Rational Numbers
High-level programming languages should default to using rational number structures to represent most numbers. While there are some advantages to IEEE 754 floating point numbers, absolute precision is not one.
Rationals could be easily stored in one of two ways:
- as two integers (of whatever size makes sense)
- as a key-value dictionary of prime numbers mapped to integers, representing prime factors and their exponents
The two-integer approach is the lower memory option, but requires reducing rational fractions on a regular basis (akin to garbage collecting). When I've implemented rationals in personal programming languages, I've opted to reduce when parsing and after each operation on the number. There maybe a more advanced mathematic approach, but my understanding is that these reduction operations require prime factorization to find the greatest common denominator, then adjusting the underlying integers to fit that.
The key-value approach is certainly higher memory, but minimizes reduction costs. When a rational in this form is parsed or initiated, its numerator and denominator will be factored into primes. For example 18 / 1 would be factored into 2×3², so that's stored as {2: 1, 3: 2}. As a reminder, denominator factors would have negative exponents. This structure automatically forbids unreduced fractions as they're unrepresentable.

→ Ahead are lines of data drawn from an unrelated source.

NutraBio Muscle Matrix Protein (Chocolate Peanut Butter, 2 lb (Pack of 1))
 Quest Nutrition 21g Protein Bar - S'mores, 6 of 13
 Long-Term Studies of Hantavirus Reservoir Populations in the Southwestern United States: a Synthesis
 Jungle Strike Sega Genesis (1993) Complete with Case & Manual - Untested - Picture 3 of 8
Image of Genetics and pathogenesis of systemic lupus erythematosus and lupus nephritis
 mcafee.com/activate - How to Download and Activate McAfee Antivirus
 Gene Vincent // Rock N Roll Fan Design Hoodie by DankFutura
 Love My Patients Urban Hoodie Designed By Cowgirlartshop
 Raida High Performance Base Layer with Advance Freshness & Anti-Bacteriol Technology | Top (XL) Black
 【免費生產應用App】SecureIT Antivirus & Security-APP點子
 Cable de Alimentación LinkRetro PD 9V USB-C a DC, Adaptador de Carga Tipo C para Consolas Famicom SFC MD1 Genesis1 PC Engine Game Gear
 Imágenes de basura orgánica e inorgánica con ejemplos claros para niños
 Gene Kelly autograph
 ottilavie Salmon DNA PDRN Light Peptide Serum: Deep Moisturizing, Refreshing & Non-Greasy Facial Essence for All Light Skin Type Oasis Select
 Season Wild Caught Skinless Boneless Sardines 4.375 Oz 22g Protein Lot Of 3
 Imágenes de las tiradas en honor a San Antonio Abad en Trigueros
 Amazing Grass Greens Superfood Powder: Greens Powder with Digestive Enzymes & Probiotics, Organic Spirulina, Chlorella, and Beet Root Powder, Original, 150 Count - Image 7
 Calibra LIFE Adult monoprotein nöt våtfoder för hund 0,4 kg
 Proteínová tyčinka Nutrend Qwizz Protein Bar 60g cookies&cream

Either way, a system that uses rationals as a base numeric value would ideally perform all computation on the rationals, only converting to floating point representations as a final step (when displaying to a user, when being handled to a separate API or system that requires floating point numbers, etc). This delays rounding issues introduced by the conversion until the last possible moment.
Rationals also avoid comparison pitfalls of IEEE 754 floating numbers. In languages that use floating numbers, 0.1 + 0.2 == 0.3 returns false. With rationals, this would naturally evaluate as: 0.1 + 0.2 → 1/10 + 1/5 → 3/10, which is in fact equivalent to 0.3 → 3/10.